CEVAP :Davalı … vekili cevap dilekçesinde özetle; ikame edilen davanın müvekkiline yöneltilemeyeceğini, şirkete düşen ödevlerin kanuni temsilci tarafından yerine getirileceğini, bu ödevlerin vergi ile ilgili ödevleri de kapsadığını, buna bağlı olarak bildirim mükellefiyetinin de kanuni temsilci tarafından yerine getirilmesi gerektiğini, bu ödevlerin yerine getirilmemesi sebebiyle ortaya çıkan gecikme zammı, faizi gibi alacaklar için sadece kanuni temsilciye rücu edilebileceğini, vergi cezasını doğuran işlemin uzun bir zaman önce olduğunu ve zamanaşımı süresini aştığını, … Holding A.Ş Yönetim Kurulunca çıkarılan, sözleşmenin davalı şirket bünyesinde bulunan özelleştirme uygulamaları Daire Başkanlığı ile Pazarlama ve Satın Alma Daire Başkanlığı tarafınca düzenlendiğini, vergilerin ödenmesi ile ilgili genel müdürün herhangi bir sorumluluğunun olmayacağını belirterek açılan davanın husumet, zamanaşımı yönünden aksi halde esastan reddine karar verilmesini talep etmiştir.
Davalı … vekili cevap dilekçesinde özetle; müvekkilinin … Holding A.Ş Genel Müdür Yardımcısı iken Genel Müdür olan … tarafından görüşmelerin sözleşmeye bağlanması için görevlendirildiğini, bunun üzerine sözleşmenin imzalandığını, sözleşmenin geçerli olması için yönetim kurulunun da kabul etmesi gerektiğini, genel müdür …’nın sözleşmeyi yönetim kuruluna sunduğunu, sözleşmenin kabul edildiğini, yönetim kurulunun kabul kararının uygulanması için genel müdürün, Özel Kalem ve Koordinasyon müdürlüğünü görevlendirdiğini, müvekkilinin bu tarihten sonra gelişen olaylardan haberi olmadığını, müvekkilinin daha sonra genel müdür olduğunu, Muhasebe ve Mali İşler Müdürü’nün müvekkiline gelerek sözleşmede taraf olan … .. A.Ş’nin çek getirdiğini söylediğini, müvekkilinin de o tarihte sözleşmenin yerine getirilmediğini öğrendiğini ve duruma el koyduğunu, müvekkilinin genel müdürlük döneminde alacakların tahsil edildiğini belirterek açılan davanın reddine karar verilmesini talep etmiştir.

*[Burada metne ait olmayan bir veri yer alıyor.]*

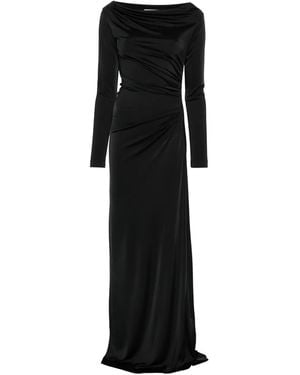 Victoria Beckham カウルネック ドレープマキシドレス - ブラック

Davalı … vekili cevap dilekçesinde özetle; müvekkilinin Mali İşler Dairesi Müdürü olarak görev yaptığını, var ise kurum zararından asıl sorumlu olanların dönemin özelleştirme müdürü ile pazarlama müdürü olacağını, istemin zamanaşımına uğradığını, kurumun uğradığı iddia olunan zarardan müvekkilinin sorumlu olmadığını, sözleşmeye bu sözleşmenin damga vergisi tarafımızdan ödenecektir kaşesinin bastırılmadığını, bankaların, kamu iktisadi teşebbüslerinin veya iştiraklerin herhangi bir işlem nedeniyle kendilerine tevdi edilen kağıtların damga vergisinin düzenleme anında ve kanuna uygun olarak ödenip ödenmediğinin araştırmak mecburiyetinde olduğunu, Mali İşler Müdürü olan müvekkilinin damga vergisine konu sözleşmeyi düzenlemediğini ve altında imzasının da bulunmadığını belirterek açılan davanın reddine karar verilmesini talep etmiştir.
GEREKÇE:
Asıl dava ve birleşen dava TTK 553 maddesine dayalı şirketin genel müdür ve mali işler müdürü olan davalılardan şirket zararının tahsili talebine ilişkindir.
Asıl ve birleşen dosyada davacı tarafından davacı şirket ile dava dışı şirkete bağlı … … Motor ve Traktör Sanayi İşletmesinin özelleştirilmesi kapsamında …. Çelik A.Ş. İle imzalanan 01/02/2005 tarihli sözleşme gereğince KDV beyannamesinin verilmemesi nedeniyle resen tarh edilen 267.389,94 TL gecikme faizi ödenmesine sebebiyet verildiği damga vergisi gecikme faizi ödenmesine sebebiyet verildiği gerekçesiyle şirket zararının tahsili talep edilmiştir.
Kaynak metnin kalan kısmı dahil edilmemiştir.